> What the task asks: Using the data below, set down every line from the one containing "Digitizer For iPad" through the one containing "Slide: The Image", inclusive and unchanged. Pictures are to be skipped.

> Data:
--------

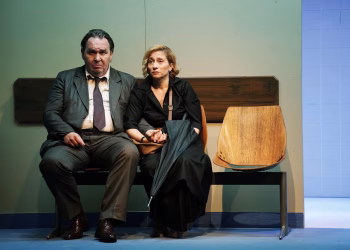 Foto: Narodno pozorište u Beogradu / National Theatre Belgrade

--------

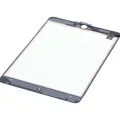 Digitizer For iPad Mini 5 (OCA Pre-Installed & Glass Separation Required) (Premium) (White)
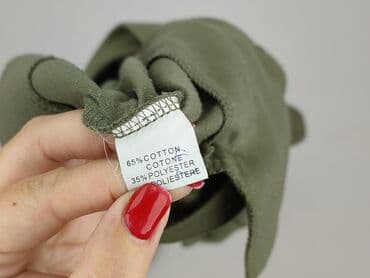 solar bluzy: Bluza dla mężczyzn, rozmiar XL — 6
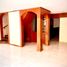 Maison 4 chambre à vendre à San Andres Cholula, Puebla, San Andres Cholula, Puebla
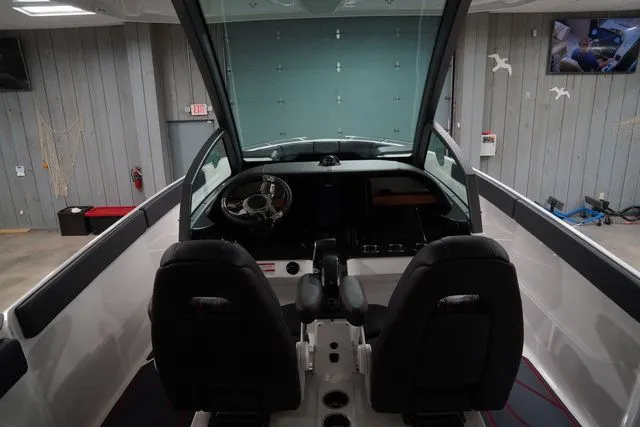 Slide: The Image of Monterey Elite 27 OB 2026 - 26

--------

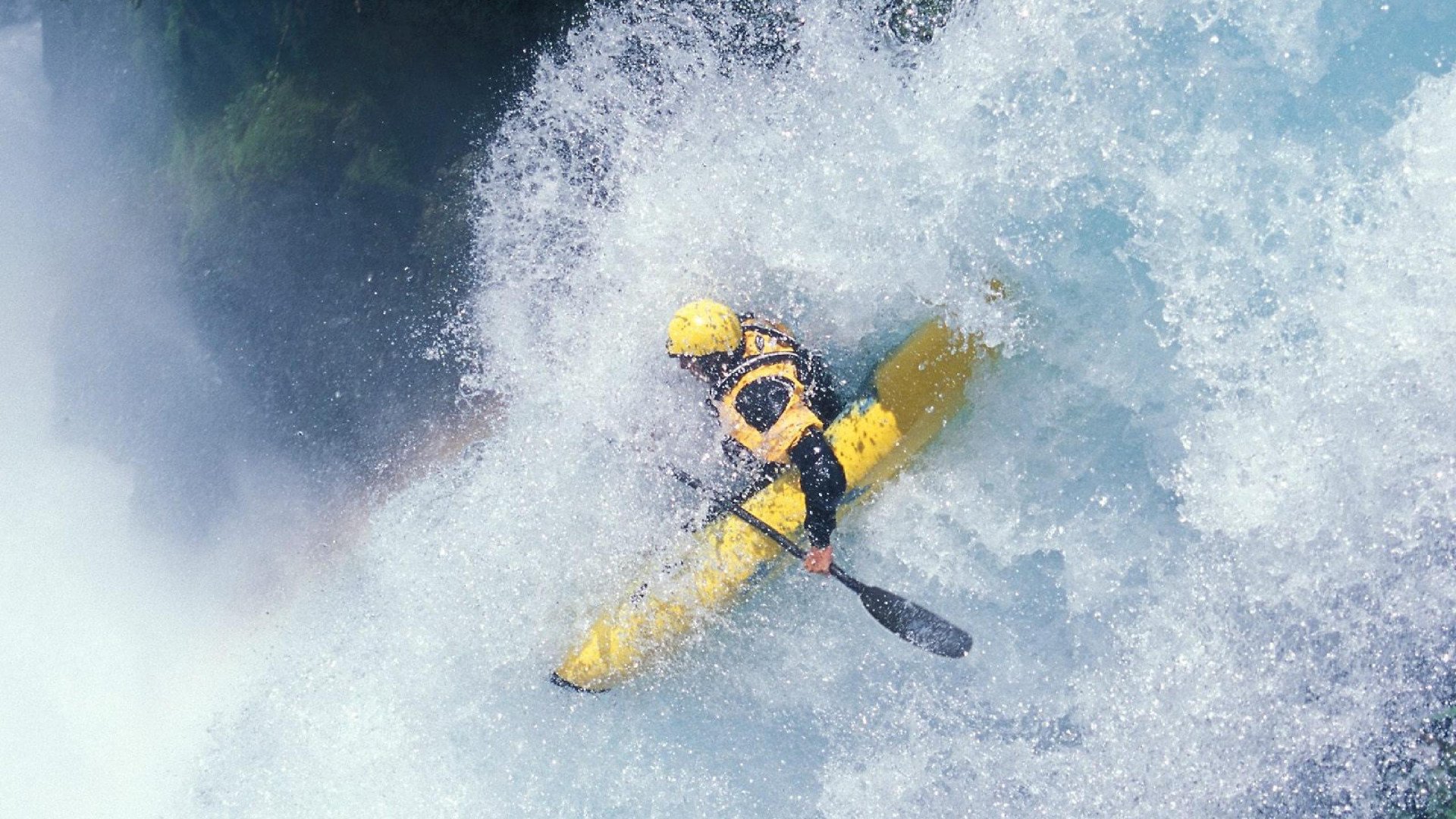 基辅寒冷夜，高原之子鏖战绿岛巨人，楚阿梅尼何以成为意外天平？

--------

> Response to this task:
 Digitizer For iPad Mini 5 (OCA Pre-Installed & Glass Separation Required) (Premium) (White)
 solar bluzy: Bluza dla mężczyzn, rozmiar XL — 6
 Maison 4 chambre à vendre à San Andres Cholula, Puebla, San Andres Cholula, Puebla
 Slide: The Image of Monterey Elite 27 OB 2026 - 26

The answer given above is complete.